Still, 25I-NBOMe looks considerably more dangerous than LSD, which Albert Hoffman discovered in 1943, Congress banned in 1968, and something like 24 million Americans have used. According to a 2008 review of the scientific literature in the journal CNS Neuroscience & Therapeutics, "There have been no documented human deaths from an LSD overdose." In his 2001 book Illegal Drugs: A Complete Guide to Their History, Chemistry, Use and Abuse, addiction specialist Paul M. Gahlinger flatly states that "LSD is not toxic in the biological sense."

Yet while LSD has been banned for nearly half a century, 25I-NBOMe was legal until the Drug Enforcement Administration (DEA)added it to Schedule I of the Controlled Substances Act in November 2013 (although explicitly selling it for its psychoactive effects could still get suppliers into trouble under the Controlled Substances Analogue Enforcement Act). CNN notes that 25I-NBOMe is "designed to imitate the high of the banned drug LSD." In fact, it is often applied to paper and passed off as LSD.

"After the DEA's successful disruption of global LSD distribution in the early 2000s, acid became increasingly rare," note Earth and Fire Erowid (proprietors of Erowid.org) in a 2013 article about 25I-NBOMe and related compounds. "This created an opening for other super-potent psychedelics to be deposited on perforated paper blotter. Sometimes buyers are correctly informed of the drug's identity, but often it is falsely sold as 'acid' or, even more specifically, 'LSD.'"

Something like that seems to have happened to Renee Honaker, a West Virginia woman who last year "fell to the floor, began convulsing and died" after taking two hits of a substance originally identified as LSD. It turned out to be an NBOMe compound: 25B-NBOMe, which the DEA banned along with 25I-NBOMe in 2013. As the Erowids observe, "It is a darkly poetic indictment of the War on Drugs that LSD, the first synthetic psychedelic, demonized for decades and the target of extremely expensive law enforcement operations, looks to be far safer than its replacements."

Like the ban on marijuana, the ban on LSD encourages people to use novel, quasi-legal substitutes that may prove to be much more dangerous. While certain intrepid psychonauts may be eager to try the latest psychedelic, many other drug users are simply looking for an LSD-like experience that is fun and/or interesting. Like Elijah Stai, they may have no idea what they are actually taking, a perennial hazard of the black market.
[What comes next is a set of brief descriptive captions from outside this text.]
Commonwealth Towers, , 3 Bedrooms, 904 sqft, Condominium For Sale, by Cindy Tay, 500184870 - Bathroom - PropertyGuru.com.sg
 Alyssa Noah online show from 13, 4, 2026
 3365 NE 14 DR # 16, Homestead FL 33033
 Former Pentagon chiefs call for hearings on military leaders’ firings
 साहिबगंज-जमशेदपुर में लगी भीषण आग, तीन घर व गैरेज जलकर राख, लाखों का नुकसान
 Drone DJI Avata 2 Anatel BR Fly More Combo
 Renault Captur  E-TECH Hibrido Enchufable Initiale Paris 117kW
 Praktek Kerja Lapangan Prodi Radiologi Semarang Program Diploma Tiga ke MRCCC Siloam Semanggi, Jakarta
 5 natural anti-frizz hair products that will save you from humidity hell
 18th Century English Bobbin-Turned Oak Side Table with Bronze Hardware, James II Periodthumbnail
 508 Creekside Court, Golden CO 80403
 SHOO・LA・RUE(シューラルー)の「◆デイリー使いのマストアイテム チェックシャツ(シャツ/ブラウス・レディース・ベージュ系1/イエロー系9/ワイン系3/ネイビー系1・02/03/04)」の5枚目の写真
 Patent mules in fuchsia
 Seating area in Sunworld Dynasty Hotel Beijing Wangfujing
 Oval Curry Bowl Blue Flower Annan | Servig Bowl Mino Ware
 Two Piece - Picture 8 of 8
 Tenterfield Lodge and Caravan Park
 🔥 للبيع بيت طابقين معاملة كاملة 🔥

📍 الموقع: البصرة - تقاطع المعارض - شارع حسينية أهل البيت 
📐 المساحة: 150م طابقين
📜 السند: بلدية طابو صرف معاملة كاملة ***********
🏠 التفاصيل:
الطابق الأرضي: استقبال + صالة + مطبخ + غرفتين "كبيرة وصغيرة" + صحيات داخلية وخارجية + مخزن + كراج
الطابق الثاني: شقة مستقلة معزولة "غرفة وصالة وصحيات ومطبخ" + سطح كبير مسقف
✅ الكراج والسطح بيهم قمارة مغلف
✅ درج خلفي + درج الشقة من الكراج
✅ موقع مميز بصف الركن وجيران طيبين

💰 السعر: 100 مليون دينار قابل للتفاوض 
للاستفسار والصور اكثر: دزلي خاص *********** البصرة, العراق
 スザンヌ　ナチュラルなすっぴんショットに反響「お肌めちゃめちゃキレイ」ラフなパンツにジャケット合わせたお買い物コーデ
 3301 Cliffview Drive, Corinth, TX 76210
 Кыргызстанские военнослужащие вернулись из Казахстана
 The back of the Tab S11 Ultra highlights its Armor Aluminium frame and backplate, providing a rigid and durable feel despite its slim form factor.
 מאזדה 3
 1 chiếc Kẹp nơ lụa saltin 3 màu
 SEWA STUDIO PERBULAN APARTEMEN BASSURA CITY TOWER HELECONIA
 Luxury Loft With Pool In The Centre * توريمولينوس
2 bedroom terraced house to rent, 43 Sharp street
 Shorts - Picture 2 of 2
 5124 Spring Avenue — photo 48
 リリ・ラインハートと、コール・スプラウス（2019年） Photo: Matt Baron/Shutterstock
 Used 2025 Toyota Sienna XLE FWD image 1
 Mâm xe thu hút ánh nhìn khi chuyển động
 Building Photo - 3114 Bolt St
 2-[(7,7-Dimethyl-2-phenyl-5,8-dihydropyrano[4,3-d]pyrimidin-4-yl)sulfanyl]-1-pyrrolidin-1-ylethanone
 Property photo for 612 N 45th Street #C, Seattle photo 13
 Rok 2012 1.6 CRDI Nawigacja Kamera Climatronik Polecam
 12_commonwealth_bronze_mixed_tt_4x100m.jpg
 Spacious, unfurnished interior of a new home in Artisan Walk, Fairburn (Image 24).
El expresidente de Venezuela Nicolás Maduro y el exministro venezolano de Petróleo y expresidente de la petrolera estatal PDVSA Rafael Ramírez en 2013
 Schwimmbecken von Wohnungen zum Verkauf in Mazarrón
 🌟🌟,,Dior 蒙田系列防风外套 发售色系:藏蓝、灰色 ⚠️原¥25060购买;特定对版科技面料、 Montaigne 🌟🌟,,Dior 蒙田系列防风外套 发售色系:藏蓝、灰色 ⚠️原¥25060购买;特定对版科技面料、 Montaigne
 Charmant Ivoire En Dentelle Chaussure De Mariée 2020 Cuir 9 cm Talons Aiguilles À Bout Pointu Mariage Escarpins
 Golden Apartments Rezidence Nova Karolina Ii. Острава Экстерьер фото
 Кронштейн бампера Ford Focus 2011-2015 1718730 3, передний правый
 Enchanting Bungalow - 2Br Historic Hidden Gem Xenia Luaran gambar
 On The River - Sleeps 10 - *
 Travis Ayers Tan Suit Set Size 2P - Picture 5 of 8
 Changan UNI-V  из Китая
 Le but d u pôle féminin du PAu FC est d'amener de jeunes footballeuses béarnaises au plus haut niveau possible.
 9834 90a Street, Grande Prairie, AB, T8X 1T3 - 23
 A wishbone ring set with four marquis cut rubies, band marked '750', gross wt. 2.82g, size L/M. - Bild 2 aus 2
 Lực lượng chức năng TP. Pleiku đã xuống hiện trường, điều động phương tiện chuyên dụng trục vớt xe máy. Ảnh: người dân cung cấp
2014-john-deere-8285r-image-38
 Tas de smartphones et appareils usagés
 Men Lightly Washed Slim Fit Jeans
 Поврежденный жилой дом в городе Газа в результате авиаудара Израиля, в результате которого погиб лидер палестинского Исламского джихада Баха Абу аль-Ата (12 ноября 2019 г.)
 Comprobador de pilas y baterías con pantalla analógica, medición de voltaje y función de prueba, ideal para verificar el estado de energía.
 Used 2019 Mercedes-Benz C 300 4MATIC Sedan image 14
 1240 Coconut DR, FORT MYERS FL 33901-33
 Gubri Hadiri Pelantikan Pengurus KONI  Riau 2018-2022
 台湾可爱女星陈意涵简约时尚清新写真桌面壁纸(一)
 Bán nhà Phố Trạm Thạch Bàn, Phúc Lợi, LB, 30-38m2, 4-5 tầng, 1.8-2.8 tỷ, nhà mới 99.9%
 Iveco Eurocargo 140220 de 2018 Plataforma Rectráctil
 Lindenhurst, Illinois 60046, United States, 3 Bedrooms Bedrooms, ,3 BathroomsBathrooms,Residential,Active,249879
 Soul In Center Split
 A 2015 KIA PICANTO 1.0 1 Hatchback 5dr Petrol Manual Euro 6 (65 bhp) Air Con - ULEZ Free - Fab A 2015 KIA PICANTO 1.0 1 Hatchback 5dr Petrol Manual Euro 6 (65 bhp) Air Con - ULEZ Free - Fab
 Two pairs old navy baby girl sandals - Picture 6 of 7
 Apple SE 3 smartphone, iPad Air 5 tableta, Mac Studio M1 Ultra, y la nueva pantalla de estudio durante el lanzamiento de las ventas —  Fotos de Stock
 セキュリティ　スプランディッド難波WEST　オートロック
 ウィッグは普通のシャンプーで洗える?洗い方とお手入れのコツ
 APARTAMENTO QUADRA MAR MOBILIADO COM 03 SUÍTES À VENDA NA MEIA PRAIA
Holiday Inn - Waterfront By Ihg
Furthermore, these naïve drug users are especially likely to take too large a dose, and they are unlikely to receive instructions from suppliers, who are constrained by the drug laws to pretend their products are not intended for human consumption.

The government can always ban the latest LSD substitute, but that only sets the stage for new substitutes, which may be even more dangerous. "The NBOMes are harbingers of things to come," the Erowids warn. "The problems and challenges they pose are problems that the current prohibitionist regulatory framework will naturally continue to generate. For example, new psychoactives under development are reported to be another ten times more potent, with 10,000 doses per gram."

By imposing one ban after another, governments are spurring constant innovation by underground chemists. "As states and the federal government race to 'schedule' or ban chemical compounds," CNN notes, "the manufacturers are staying one step ahead of the law by constantly changing the drugs' chemical composition." This is how synthetic drugs are killing kids.